Cap sur l’un des pays pionniers en matière de protection de l’environnement. Coincé entre le Panama au sud et le Nicaragua au nord, l’océan Pacifique à l’ouest et la mer des Caraïbes à l’est, ce petit pays d’Amérique centrale a déjà une solide réputation touristique. Atterrissage en douceur à San José, bouillonnante capitale, avant d’explorer les richesses de cet Éden végétal.

Ils vous accueillent avec un grand sourire, une allure bon enfant et vous affirment qu’ici la vie est pure, littéralement.

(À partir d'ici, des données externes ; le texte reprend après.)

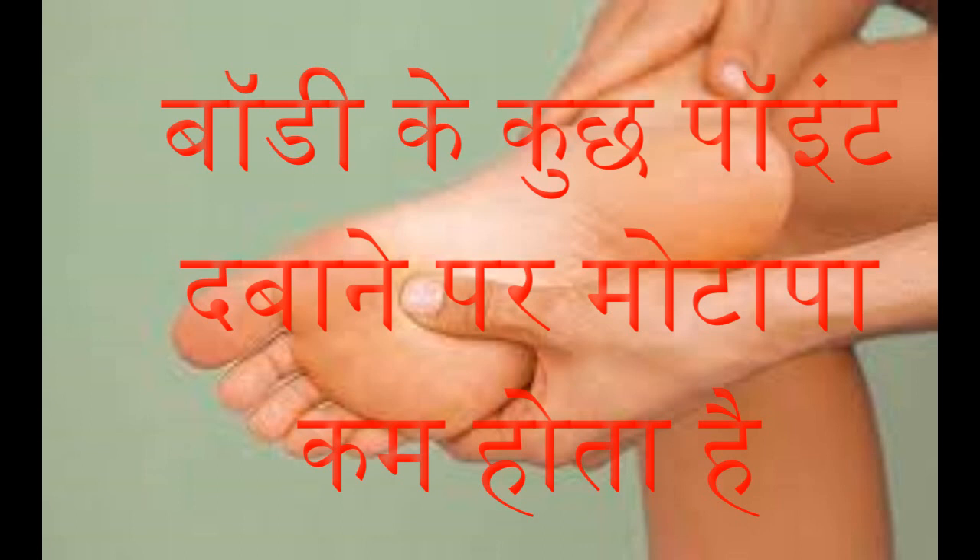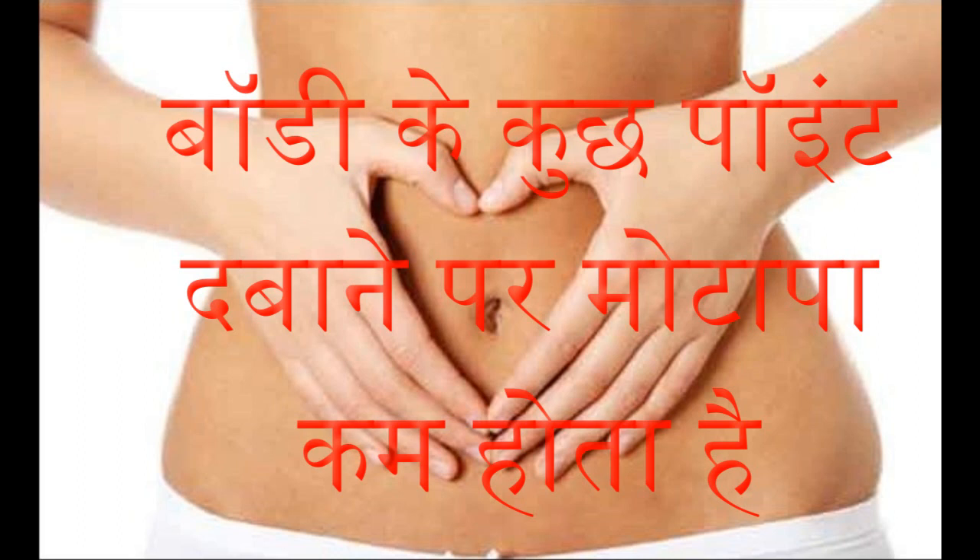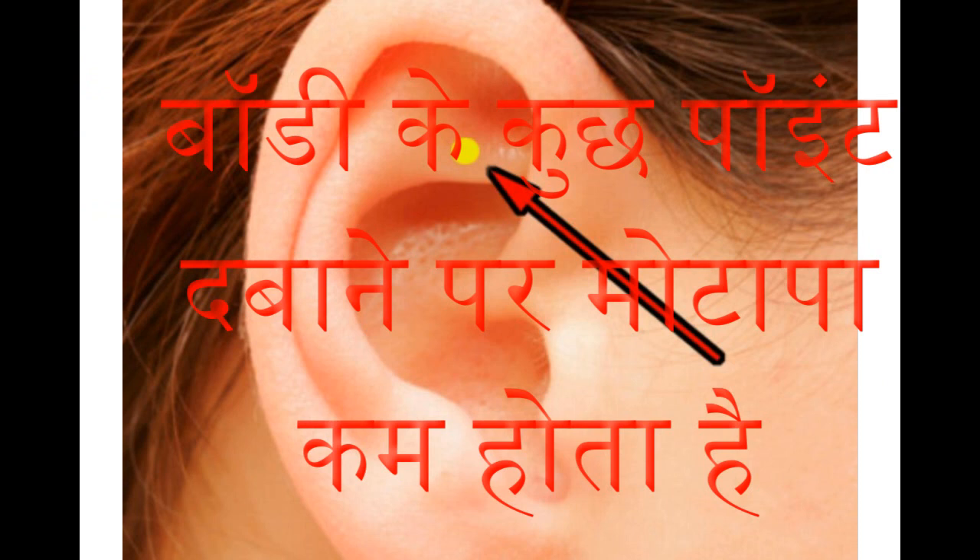Weight can also be reduced through the navel. Many women feel that the navel area is a problem when wearing a saree, kurta, or top. Due to obesity and tummy fat, it looks odd. Press the lower point of the navel with two fingers of both hands, then press the shin bone with one finger. Doing this regularly helps a lot in reducing obesity.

En effet, où que l’on tourne la tête, une jungle luxuriante, prête à déferler en avalanche végétale, menace d’envahir l’espace pour répandre sa vie animale intense, dont les cris et les ululements emplissent l’air d’une cadence effrénée. Mais les larges routes bétonnées, les infrastructures solides, les fast-foods à l’américaine sont là pour affirmer le développement du pays – ultra-américanisé, il faut bien le reconnaître. Le contraste n’en est que plus frappant. Entre sodas, jus de fruits hyper-concentré de sucre, hamburger, supermarchés géants, grands hôtels et infrastructures premier cri (sans parler des tarifs égalant largement les niveaux occidentaux !), le mode de vie costaricain a plus que des ressemblances avec son grand voisin nord-américain. Les « Ticos » vivent dans un pays riche, développé, dont le niveau de vie est le plus élevé d’Amérique centrale, et, même si le métissage est prédominant, eux-mêmes se considèrent dans leur large majorité comme « blancs ». Las, le visiteur en quête de dépaysement culturel pourra à premier abord être déçu : les villes ressemblent à des villes, les routes à nos routes, les infrastructures aux nôtres… Et pourtant. A la lisière de cette façade occidentalisée, la nature, reine, a repris ses droits. Et c’est de cela dont les costaricains sont si fiers. Pacifistes, aimables, presque doux, ils concentrent dans deux petits mots répétés comme un mandala le fondement de leur société : la « Pura Vida » est un mode de vie, une philosophie profonde qui les relie à leur terre.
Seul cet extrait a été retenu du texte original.